Broad Network


Grouping in PHP Regular Expressions

PHP Regular Expressions with Security Considerations - Part 4

Foreword: You can actually group parts of a pattern and do something with it. That is what this part of the series is about.

By: Chrysanthus Date Published: 18 Jan 2019

Introduction

This is part 4 of my series, PHP Regular Expressions with Security Considerations. You can actually group parts of a pattern and do something with it. That is what this part of the series is about. You should have read the previous parts of the series before coming here, as this is the continuation.

Groupings
We can use parenthesis to group characters in a pattern. Consider the following pattern:

          /The (guitarist)/

“guitarist” is in parenthesis. The parentheses form a group, which has the text: “guitarist”. Consider the following:

         /The (guitarist is good)/

“guitarist is good” is in parenthesis. The parentheses form a group, which has the text: “guitarist is good”.

PHP treats a group as an entity. A group on its own is not serving any purpose. It becomes important when used in conjunction with other pattern techniques. There is another use, which we shall see below.

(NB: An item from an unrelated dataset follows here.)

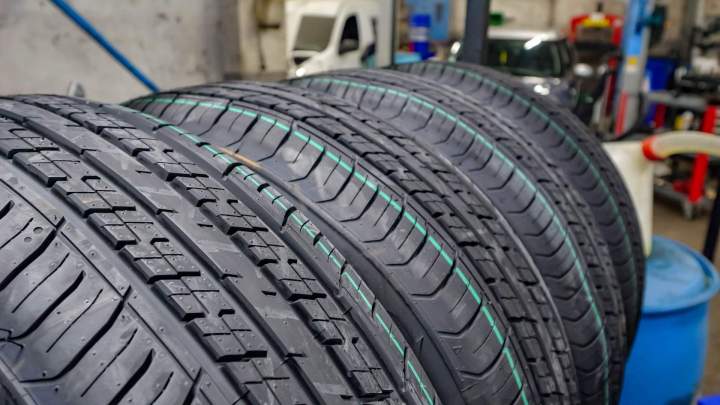 Garage d'entretien de véhicule à Olivet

More about the preg_match() Function
The syntax of the function can be given as follows:

    preg_match ( string $pattern , string $subject [, array &$matches])

When a match occurs, the found sub string goes into the array, $matches. You do not have to pre-declare this array. You can have any name of your choice for the array. Try the following code:

<?php

    preg_match("/World/", "Hello World!", $matches);
    echo $matches[0];

?>

The output is:

    World

Note that $matches in the function call, is not preceded by & .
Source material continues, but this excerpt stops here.